Graduation ceremonies radiate joy no matter where they occur – even in Lovelock Correctional Center’s visiting room. On Monday, June 3, 84 Coal Canyon High School grads wore their blue caps and gowns with pride.
They’d achieved a milestone.
Another half a dozen men earned associate’s degrees or certificates from Great Basin Community College (GBCC). Their adviser, Angie Canavan, attended the commencement ceremony.
In addition, 25 students received high school equivalency diplomas.
The grads-to-be entered the visiting room to a recording of Pomp and Circumstance. A flag brigade paved the way. As they sat down, several of the blue-robed men waved at their parents, sons and daughters, seated at nearby tables.
Some families traveled from out-of-state to celebrate with their relative. Director Neil Gallagher also acknowledged the families that were unable to attend but supported their relative’s hard work.
Gallagher introduced keynote speaker, Julie Lyon, a teacher at the medium security prison, home to about 1,680 men. She congratulated the grads-to-be for overcoming obstacles.
“No matter where life has led you in the past, it’s now the present,” she said. “Keep learning and striving. Step up to the next rung.”
Warden Renee Baker agreed.
“I am proud of all of you for taking this step,” she said.
Each man moved his tassel from right to left, the symbol of transition from student to graduate. After collecting their diploma, the grads shook hands with a line of well-wishers.
Canavan and Warden Baker stood beside Kim Petersen, the Nevada Department of Correction’s education coordinator. They joined Lovelock Correctional Center’s teachers: Lance Condie, Lyon, Shari Shirley, Gallagher and Shaun Terry.
Charles Safford and Alan Pierce also teach at Coal Canyon High School, under the auspices of Pershing County School District.
After the ceremony, the grads and guests shared ice cream and cake.
A few of the men discussed the hurdles they faced in reaching their goals.
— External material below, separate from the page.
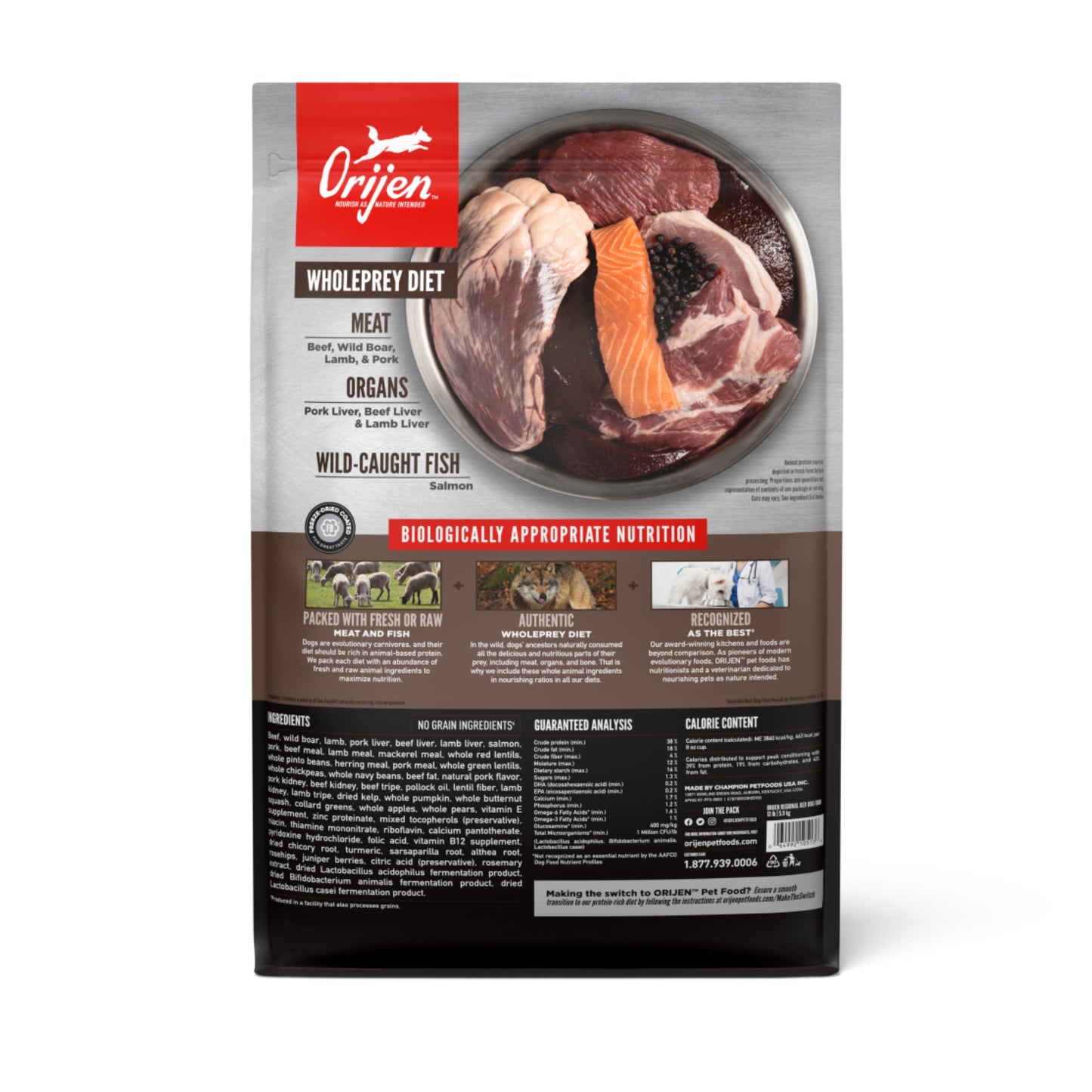 Orijen Regional Red Dog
One explained that most of them had prison jobs. They learned to budget their time like any other student.
“In some ways we have fewer distractions,” added a GBC grad. “But it’s harder to pay for tuition and books.”
He explained that when they became inmates, portals to financial aid slammed shut. Those who pursue college degrees rely on support from their families.
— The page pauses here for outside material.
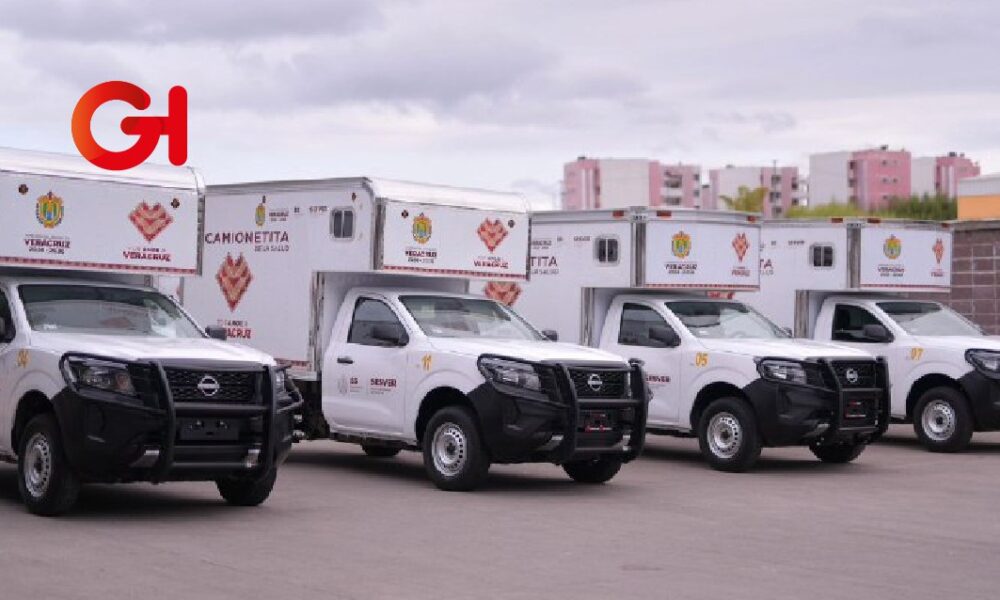 Veracruz pone en marcha el programa Camionetas de la Salud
According to a 2013 RAND Corporation report, inmates who pursue education and vocational training are less likely to return to prison after release. They are more likely to find jobs than peers who don’t work toward such goals.
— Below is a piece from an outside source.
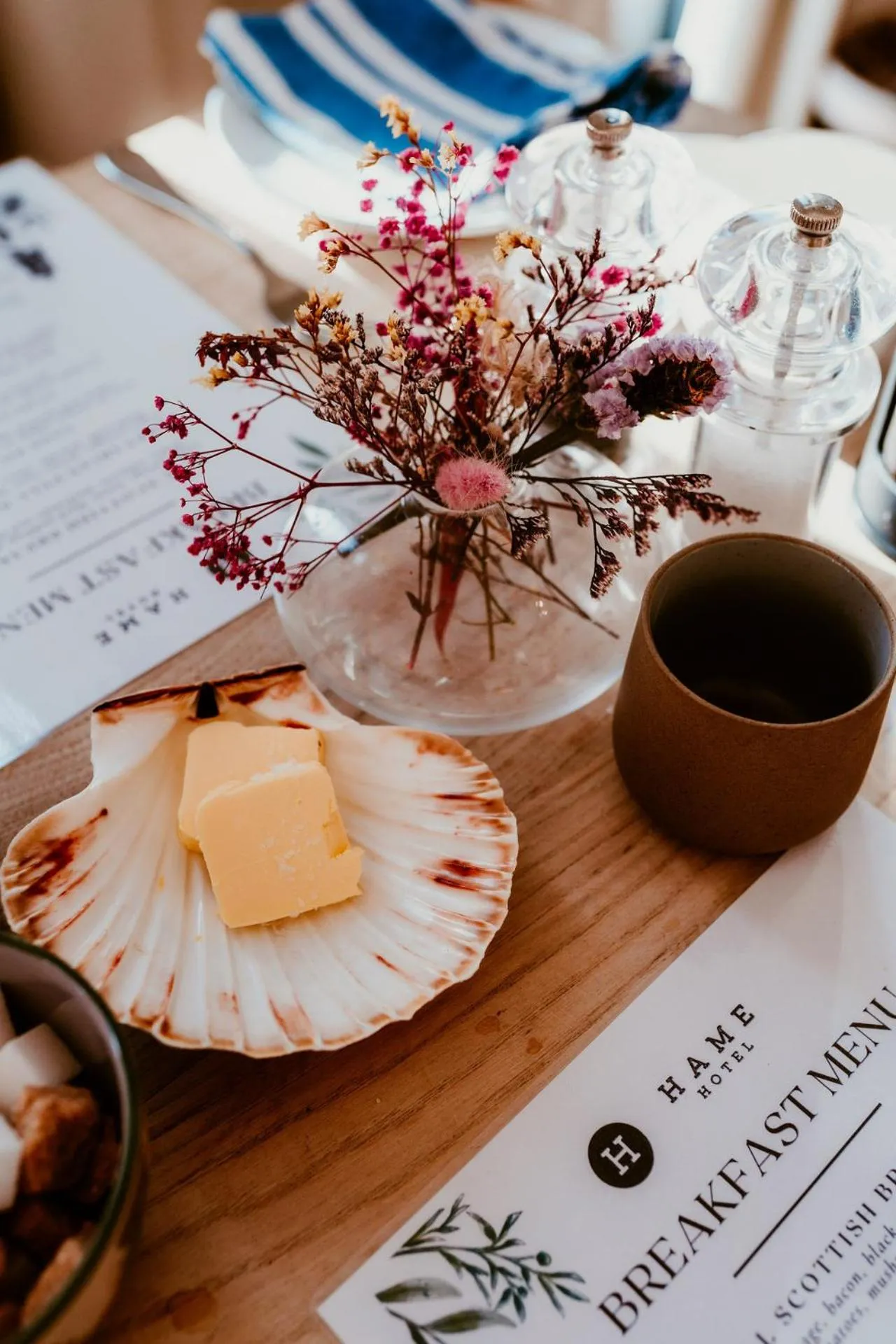 Breakfast in Hame on Skye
The NDOC website says that about 58 percent of Nevada’s inmates come to prison without having finished high school. Seventy-eight percent have minimal job training.
Officials at Lovelock Correctional Center recently awarded 560 vocational certificates, with some learners earning more than one.
“It is our goal that every inmate who leaves prison has a GED or high school diploma,” says Petersen, the education coordinator. On Monday NDOC made significant strides toward that objective.